ELEPHANTS UNDER THREAT 

One of the key threats to the majestic African elephant is poaching. Fuelled by the ivory trade, around 15,000 animals are killed each year for their tusks – that’s an average of 40 a day. In fact, we estimate that we’ve lost over 80% of the planet’s African elephants in the past century. 

Starting in the early 2010s, elephant poaching in Africa soared. This was largely due to an increasing demand for ivory, particularly in China and the Far East, where it is used for ornaments and seen as a luxury status symbol. Today, international criminal networks are still smuggling huge quantities of ivory, and evidence shows that legal ivory markets can provide a cover to launder illegal ivory.

 

African elephants (Loxodonta africana) at a waterhole – remote camera. Masai Mara National Reserve, Kenya.

CLOSING IVORY MARKETS 

The international commercial trade in ivory was banned in 1989, although many countries continued to sell ivory legally, within their own borders and exemptions for some types of ivory like antiques made exporting them legal, including here in the UK. WWF rallied hard to have new laws passed that would close domestic markets in hotspots linked to illegal trade. We celebrated a great success at the end of 2016 when China, the world’s biggest ivory market, announced that all ivory sales within the country would be banned.  

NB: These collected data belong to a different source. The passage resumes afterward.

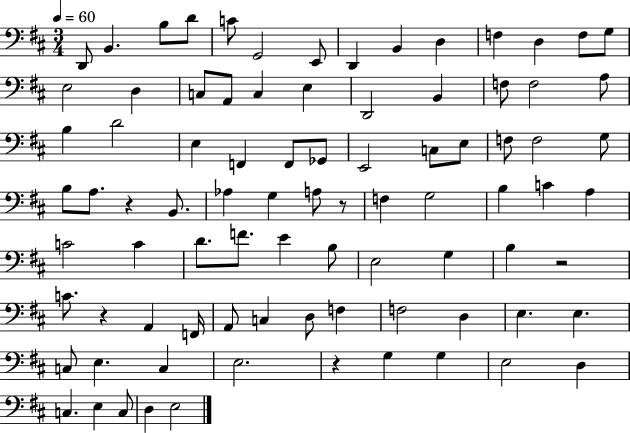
D2/e B2/q. B3/e D4/e C4/e G2/h E2/e D2/q B2/q D3/q F3/q D3/q F3/e G3/e E3/h D3/q C3/e A2/e C3/q E3/q D2/h B2/q F3/e F3/h A3/e B3/q D4/h E3/q F2/q F2/e Gb2/e E2/h C3/e E3/e F3/e F3/h G3/e B3/e A3/e. R/q B2/e. Ab3/q G3/q A3/e R/e F3/q G3/h B3/q C4/q A3/q C4/h C4/q D4/e. F4/e. E4/q B3/e E3/h G3/q B3/q R/h C4/e. R/q A2/q F2/s A2/e C3/q D3/e F3/q F3/h D3/q E3/q. E3/q. C3/e E3/q. C3/q E3/h. R/q G3/q G3/q E3/h D3/q C3/q. E3/q C3/e D3/q E3/h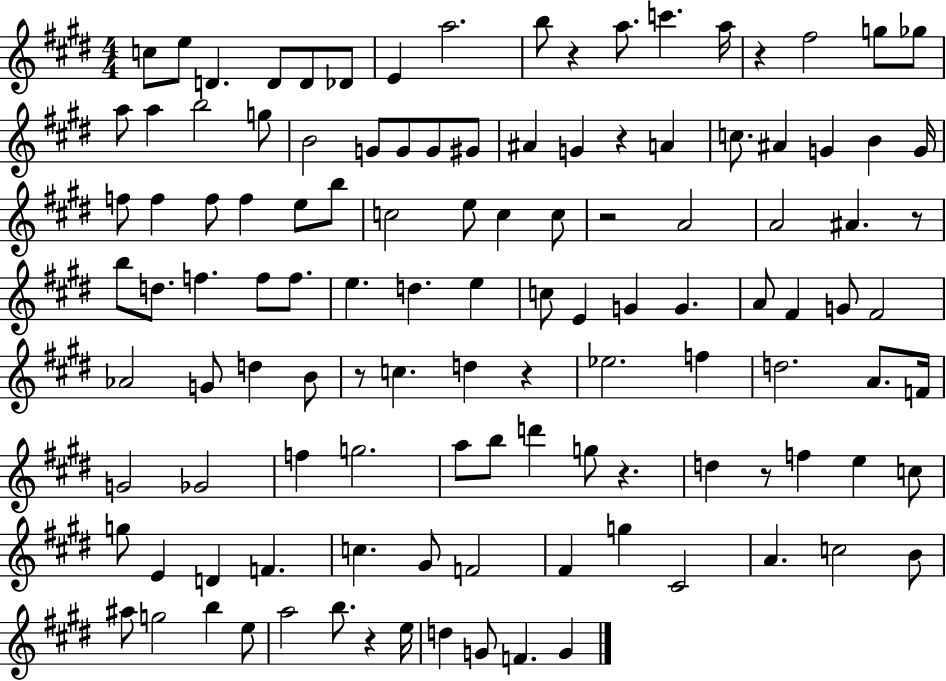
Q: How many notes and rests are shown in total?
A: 118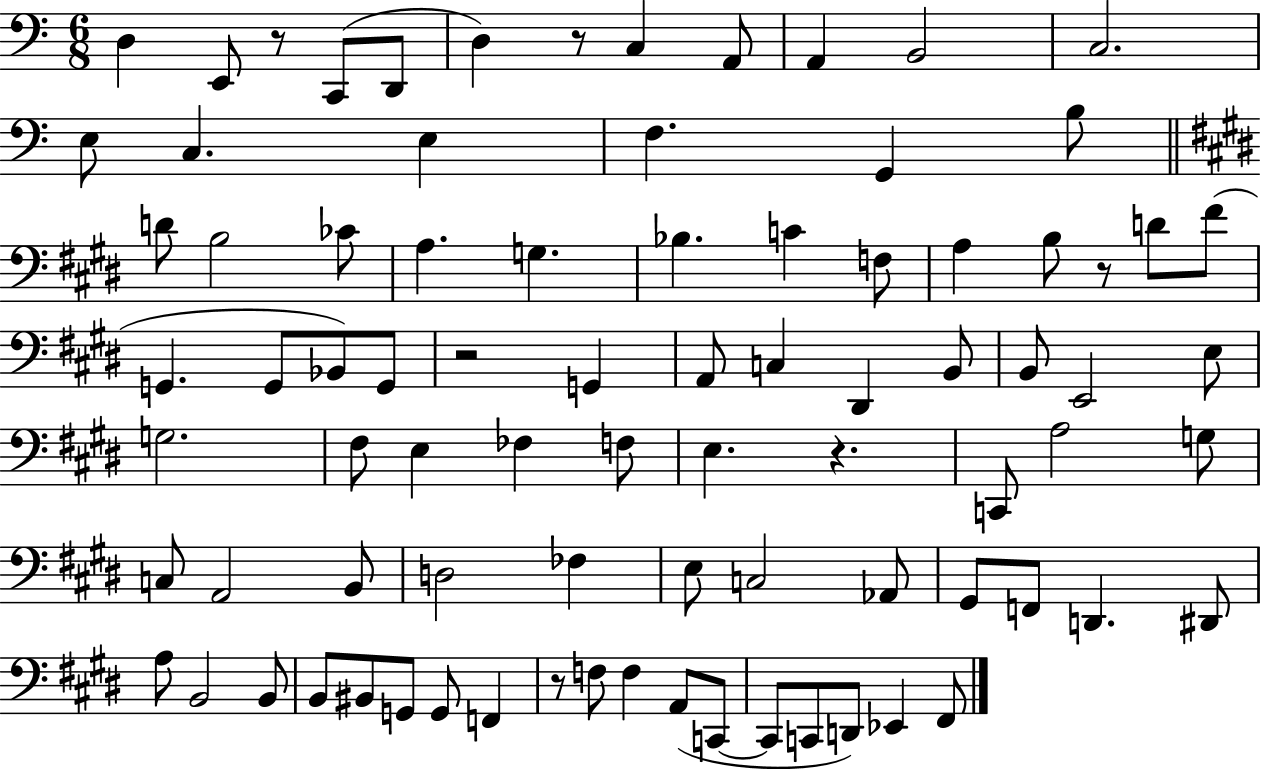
D3/q E2/e R/e C2/e D2/e D3/q R/e C3/q A2/e A2/q B2/h C3/h. E3/e C3/q. E3/q F3/q. G2/q B3/e D4/e B3/h CES4/e A3/q. G3/q. Bb3/q. C4/q F3/e A3/q B3/e R/e D4/e F#4/e G2/q. G2/e Bb2/e G2/e R/h G2/q A2/e C3/q D#2/q B2/e B2/e E2/h E3/e G3/h. F#3/e E3/q FES3/q F3/e E3/q. R/q. C2/e A3/h G3/e C3/e A2/h B2/e D3/h FES3/q E3/e C3/h Ab2/e G#2/e F2/e D2/q. D#2/e A3/e B2/h B2/e B2/e BIS2/e G2/e G2/e F2/q R/e F3/e F3/q A2/e C2/e C2/e C2/e D2/e Eb2/q F#2/e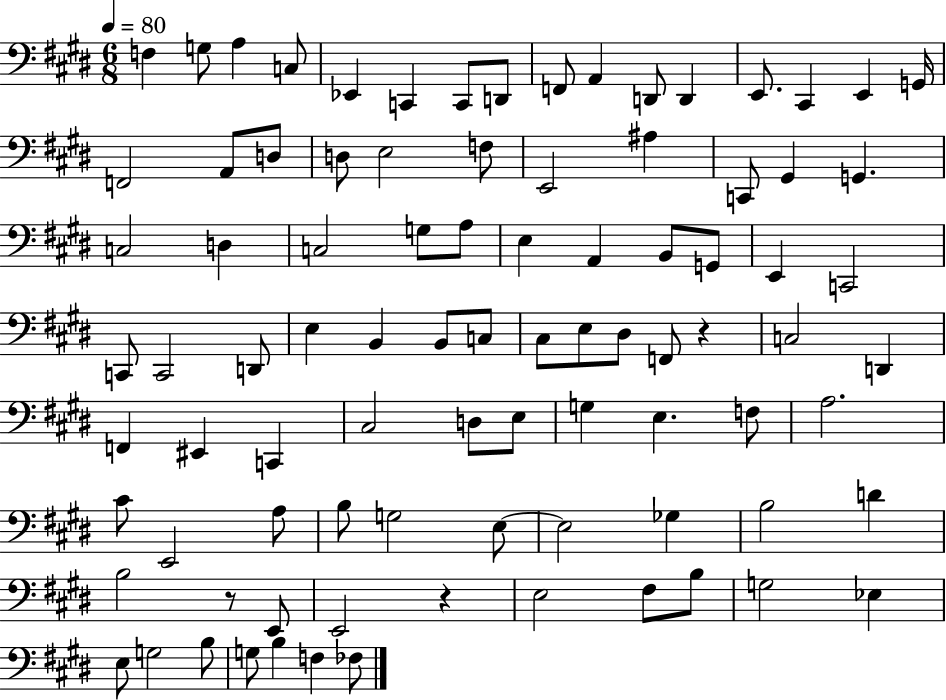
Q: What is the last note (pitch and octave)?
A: FES3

In 2017, with the help of WWF supporters, we urged the UK government to follow suit. We were thrilled when later that year, plans for a UK ivory trade ban were announced. The government is currently consulting on the implementation of the ivory act. WWF, in collaboration with other NGOs in the UK, is pressing the government to ensure this happens swiftly and effectively. We’re working hard to shut down other major ivory markets linked to illegal trade, alongside working to change consumer behaviour to reduce the demand for ivory that drives poaching of elephants.  

MEASURING SUCCESS 

These bans sound like good progress, but do they really make a difference to elephants? We’ve been monitoring ivory demand in China since the ban and launched a report in 2020 with results of the latest survey. We found that demand for ivory is continuing to decrease since the ban. Consumer’s intentions to purchase ivory are now less than half of pre-ban levels. This is a fantastic step forward, but the report also highlighted that there is more work to be done to reduce demand amongst overseas travellers. We hope that other countries will be encouraged to follow China’s example, and with your support, we’re continuing to fight for elephants and end the slaughter of these magnificent creatures.